As usual, a quote of the doc is required - string-formatting:
String and Unicode objects have one unique built-in operation: the % operator (modulo). This is also known as the string formatting or interpolation operator. Given format % values (where format is a string or Unicode object), % conversion specifications in format are replaced with zero or more elements of values. The effect is similar to the using sprintf in the C language.
And the description of the conversion specifier to explain %8.2f
A conversion specifier contains two or more characters and has the following components, which must occur in this order:
The '%' character, which marks the start of the specifier.
Mapping key (optional), consisting of a parenthesised sequence of characters (for example, (somename)).
Conversion flags (optional), which affect the result of some conversion types.
Minimum field width (optional). If specified as an '*' (asterisk), the actual width is read from the next element of the tuple in values, and the object to convert comes after the minimum field width and optional precision.
Precision (optional), given as a '.' (dot) followed by the precision.
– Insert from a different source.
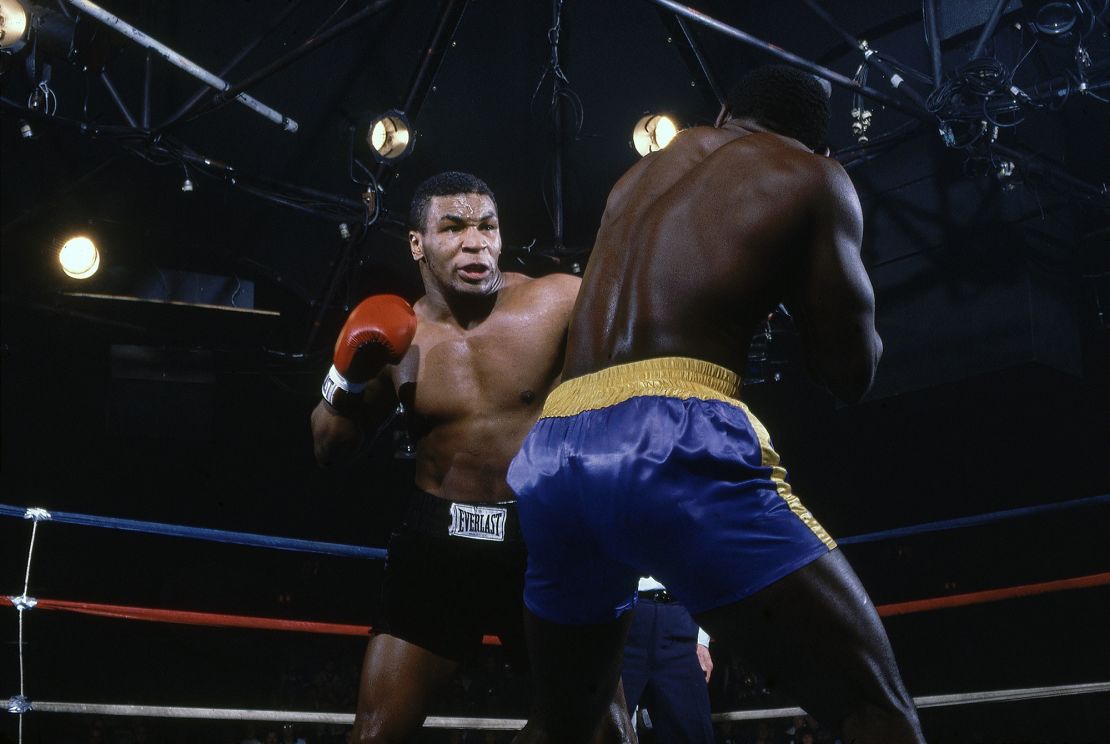 Tyson (left) entered the boxing world in 1985 as an 18-year-old. Here he is seen defeating Mark Young (right) at Latham Coliseum in his 15th professional fight.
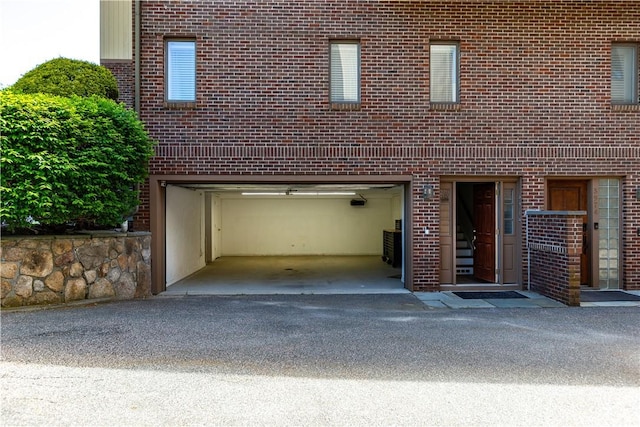 3976 Post Rd, Warwick, RI 02886 - garage featuring asphalt driveway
If specified as '*' (an asterisk), the actual width is read from the next element of the tuple in values, and the value to convert comes after the precision.
Length modifier (optional).
Conversion type.
When the right argument is a dictionary (or other mapping type), the format string includes mapping keys (2). Breaking the example to 2 steps, we have a dictionary and a format that includes keys from the dictionary (the # is a key):
>>> mydict = {'language':'python', '#':2}
>>> '%(language)s has %(#)03d quote types.' % mydict
'python has 002 quote types.'
>>>
the %8.2f means allow 8 character spaces to hold the number given by the corrisponding variable holding a float, and then have decimal precision of 2.